Right-winger Ms Le Pen, 48, has struggled to regain the initiative after a TV debate in which she came across as angry, vindictive and unclear.
She accepted the debate had been ill-tempered and fiery and suggested her performance mirrored the frustration felt by millions across France.
She said: “My words were nothing but the reflection of the anger that will explode in this country.”
Observers interpreted that as thinly-veiled threat that Mr Macron can expect her to mount an aggressive opposition to his presidency and reform plans should she lose.

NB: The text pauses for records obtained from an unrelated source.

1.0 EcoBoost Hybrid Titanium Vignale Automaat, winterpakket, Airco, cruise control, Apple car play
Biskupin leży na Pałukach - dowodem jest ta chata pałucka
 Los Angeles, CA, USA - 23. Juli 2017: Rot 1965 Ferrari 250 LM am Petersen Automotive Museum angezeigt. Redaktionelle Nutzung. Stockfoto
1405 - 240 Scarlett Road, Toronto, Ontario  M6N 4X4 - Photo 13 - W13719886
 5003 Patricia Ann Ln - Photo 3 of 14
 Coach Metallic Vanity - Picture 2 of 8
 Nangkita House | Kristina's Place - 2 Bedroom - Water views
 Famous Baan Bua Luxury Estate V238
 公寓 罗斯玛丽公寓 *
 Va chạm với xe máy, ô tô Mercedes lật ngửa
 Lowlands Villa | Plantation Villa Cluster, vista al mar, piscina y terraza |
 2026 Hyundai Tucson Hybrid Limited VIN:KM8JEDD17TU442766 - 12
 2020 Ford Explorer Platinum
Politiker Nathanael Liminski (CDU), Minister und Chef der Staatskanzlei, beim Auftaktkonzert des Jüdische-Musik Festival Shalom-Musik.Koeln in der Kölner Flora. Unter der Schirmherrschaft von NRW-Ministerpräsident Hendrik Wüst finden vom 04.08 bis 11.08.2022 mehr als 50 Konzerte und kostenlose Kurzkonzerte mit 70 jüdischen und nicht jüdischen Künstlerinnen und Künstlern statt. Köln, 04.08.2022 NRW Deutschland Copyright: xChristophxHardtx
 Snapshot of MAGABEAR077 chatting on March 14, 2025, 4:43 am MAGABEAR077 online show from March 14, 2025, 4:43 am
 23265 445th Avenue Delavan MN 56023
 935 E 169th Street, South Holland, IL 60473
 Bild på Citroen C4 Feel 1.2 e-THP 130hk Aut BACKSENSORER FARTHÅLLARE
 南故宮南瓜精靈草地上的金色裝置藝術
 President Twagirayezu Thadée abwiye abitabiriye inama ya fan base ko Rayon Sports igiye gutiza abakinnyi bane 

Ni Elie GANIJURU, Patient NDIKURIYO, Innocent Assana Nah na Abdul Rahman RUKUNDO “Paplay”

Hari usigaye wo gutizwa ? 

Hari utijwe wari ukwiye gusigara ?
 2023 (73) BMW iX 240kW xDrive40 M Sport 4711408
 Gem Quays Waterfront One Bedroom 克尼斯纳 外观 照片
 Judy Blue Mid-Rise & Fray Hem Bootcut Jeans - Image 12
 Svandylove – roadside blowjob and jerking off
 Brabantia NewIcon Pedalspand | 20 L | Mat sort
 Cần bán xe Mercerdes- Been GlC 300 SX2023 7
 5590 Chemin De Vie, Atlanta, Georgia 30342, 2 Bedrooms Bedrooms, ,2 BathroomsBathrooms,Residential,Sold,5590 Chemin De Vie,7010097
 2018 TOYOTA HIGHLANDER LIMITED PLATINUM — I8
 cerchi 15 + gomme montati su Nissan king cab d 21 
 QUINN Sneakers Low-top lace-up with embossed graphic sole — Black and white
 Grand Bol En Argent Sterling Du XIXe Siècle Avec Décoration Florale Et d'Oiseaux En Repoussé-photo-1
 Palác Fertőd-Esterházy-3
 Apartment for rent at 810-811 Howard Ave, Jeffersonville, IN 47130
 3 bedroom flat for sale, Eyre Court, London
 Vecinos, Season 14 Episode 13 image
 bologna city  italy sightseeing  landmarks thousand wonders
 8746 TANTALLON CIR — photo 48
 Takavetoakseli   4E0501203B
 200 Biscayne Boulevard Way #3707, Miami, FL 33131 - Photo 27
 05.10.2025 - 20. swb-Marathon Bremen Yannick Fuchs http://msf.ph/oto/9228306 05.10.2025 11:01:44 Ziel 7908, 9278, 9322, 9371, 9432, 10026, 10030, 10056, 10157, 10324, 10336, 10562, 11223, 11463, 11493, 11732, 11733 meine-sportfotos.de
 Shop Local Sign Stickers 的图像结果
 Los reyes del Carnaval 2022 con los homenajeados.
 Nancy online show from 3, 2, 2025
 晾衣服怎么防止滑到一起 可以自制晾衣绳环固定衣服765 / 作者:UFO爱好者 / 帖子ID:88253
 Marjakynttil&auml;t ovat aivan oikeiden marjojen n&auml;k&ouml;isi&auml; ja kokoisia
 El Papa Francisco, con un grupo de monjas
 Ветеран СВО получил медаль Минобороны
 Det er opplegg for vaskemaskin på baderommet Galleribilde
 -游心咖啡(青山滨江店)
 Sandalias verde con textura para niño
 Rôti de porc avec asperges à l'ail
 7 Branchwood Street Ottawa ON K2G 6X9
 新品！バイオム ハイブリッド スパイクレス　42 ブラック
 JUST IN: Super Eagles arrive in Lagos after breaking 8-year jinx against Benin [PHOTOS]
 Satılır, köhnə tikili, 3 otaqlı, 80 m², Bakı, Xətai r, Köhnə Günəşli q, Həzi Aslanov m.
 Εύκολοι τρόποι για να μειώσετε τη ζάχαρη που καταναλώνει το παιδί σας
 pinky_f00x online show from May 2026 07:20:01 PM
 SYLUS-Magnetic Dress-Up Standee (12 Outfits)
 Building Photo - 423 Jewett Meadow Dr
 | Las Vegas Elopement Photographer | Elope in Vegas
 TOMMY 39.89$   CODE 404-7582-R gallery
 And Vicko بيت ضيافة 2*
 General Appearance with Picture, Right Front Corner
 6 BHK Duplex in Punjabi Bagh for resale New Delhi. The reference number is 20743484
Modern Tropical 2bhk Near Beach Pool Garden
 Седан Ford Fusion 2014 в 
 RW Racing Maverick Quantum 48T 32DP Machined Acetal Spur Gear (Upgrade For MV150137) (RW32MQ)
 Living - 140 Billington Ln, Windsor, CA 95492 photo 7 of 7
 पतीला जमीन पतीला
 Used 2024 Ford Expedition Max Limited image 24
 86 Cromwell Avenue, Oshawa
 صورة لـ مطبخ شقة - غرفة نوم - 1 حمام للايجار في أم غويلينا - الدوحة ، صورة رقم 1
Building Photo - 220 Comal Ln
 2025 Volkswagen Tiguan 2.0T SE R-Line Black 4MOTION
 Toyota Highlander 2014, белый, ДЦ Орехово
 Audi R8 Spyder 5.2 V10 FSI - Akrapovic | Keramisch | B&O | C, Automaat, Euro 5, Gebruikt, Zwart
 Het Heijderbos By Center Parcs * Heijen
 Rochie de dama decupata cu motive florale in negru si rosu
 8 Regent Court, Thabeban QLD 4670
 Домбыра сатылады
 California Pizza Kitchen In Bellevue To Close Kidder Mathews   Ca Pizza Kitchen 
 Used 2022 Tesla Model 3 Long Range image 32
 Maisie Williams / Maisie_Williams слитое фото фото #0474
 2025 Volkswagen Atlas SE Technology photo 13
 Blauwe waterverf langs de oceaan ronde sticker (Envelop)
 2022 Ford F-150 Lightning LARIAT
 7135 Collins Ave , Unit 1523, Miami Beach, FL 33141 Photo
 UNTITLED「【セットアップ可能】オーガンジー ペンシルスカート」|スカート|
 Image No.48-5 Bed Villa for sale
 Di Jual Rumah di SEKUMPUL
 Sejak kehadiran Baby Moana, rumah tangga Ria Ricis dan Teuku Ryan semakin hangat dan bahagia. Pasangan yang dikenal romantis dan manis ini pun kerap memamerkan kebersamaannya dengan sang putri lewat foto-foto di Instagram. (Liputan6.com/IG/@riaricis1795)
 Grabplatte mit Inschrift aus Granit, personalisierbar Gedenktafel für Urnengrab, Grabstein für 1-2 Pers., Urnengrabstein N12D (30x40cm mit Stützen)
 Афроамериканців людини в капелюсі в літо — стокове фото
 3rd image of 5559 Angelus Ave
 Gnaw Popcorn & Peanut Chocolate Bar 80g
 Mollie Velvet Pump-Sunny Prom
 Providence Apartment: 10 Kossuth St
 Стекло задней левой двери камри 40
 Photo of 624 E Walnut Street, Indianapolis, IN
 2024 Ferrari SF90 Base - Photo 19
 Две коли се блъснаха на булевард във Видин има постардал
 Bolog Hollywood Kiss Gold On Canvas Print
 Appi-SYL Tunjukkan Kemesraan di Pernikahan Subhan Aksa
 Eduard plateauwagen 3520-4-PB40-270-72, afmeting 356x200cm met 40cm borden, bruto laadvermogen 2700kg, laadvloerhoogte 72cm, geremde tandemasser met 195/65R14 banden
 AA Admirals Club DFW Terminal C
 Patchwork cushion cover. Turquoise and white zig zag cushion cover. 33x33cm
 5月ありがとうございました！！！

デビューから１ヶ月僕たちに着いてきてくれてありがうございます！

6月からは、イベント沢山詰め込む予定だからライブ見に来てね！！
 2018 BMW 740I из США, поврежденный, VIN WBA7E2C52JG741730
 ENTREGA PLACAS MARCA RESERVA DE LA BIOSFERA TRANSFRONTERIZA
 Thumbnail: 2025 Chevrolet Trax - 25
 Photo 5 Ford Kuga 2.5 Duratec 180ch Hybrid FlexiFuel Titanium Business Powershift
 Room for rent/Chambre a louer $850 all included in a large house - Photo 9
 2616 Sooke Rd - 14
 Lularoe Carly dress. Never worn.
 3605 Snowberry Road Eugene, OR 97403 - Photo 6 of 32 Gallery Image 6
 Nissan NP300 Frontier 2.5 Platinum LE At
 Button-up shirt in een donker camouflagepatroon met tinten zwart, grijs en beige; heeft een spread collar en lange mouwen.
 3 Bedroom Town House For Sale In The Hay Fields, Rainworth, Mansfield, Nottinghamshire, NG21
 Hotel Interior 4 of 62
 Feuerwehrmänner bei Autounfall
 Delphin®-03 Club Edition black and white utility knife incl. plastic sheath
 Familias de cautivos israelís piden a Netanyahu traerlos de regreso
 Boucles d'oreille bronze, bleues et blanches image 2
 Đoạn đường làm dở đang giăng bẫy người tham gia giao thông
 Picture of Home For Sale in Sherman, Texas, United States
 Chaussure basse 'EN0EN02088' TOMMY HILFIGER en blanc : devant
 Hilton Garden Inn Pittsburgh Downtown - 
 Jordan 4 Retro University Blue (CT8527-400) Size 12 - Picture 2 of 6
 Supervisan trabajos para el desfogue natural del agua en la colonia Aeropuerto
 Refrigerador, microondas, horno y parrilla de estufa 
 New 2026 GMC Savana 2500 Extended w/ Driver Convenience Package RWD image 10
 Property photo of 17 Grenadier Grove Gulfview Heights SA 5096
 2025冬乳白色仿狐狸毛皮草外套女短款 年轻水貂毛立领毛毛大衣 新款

Ms Le Pen, who stood down as leader of the far right Front National received a hostile reception at her final campaign stop in Reims cathedral with her ally Nicolas Dupont-Aignan as militants chanted “Marine, give the money back”.
She has refused to answer French investigators questions in a probe into whether she misused European parliamentary funds to pay party members.
Ms Le Pen fired off an angry Tweet afterwards accusing Macron supporters of “violence” and a lack of “dignity” in a sacred place.
If she loses tomorrow, Ms Le Pen still hopes the Front National can win up to 60 new seats in parliament, up from the current two.
Her niece Marion Maréchal-Le Pen said any score above 40 per cent in the run-off would be a “huge victory” and would effectively turn the Front National into the main opposition group.
But the opinion polls suggest that may be wishful thinking with most suggesting Mr Macron, 39, has extended his lead by up to four percentage points since Wednesday.
Mr Macron said he was confident French voters would convert a presidential win into a parliamentary majority next month, without which he risks becoming a lame duck hamstrung by a government of cohabitation.
The candidates of France’s two mainstream parties, the Socialists and centre-Right Républicains , crashed out of the presidential race in round one.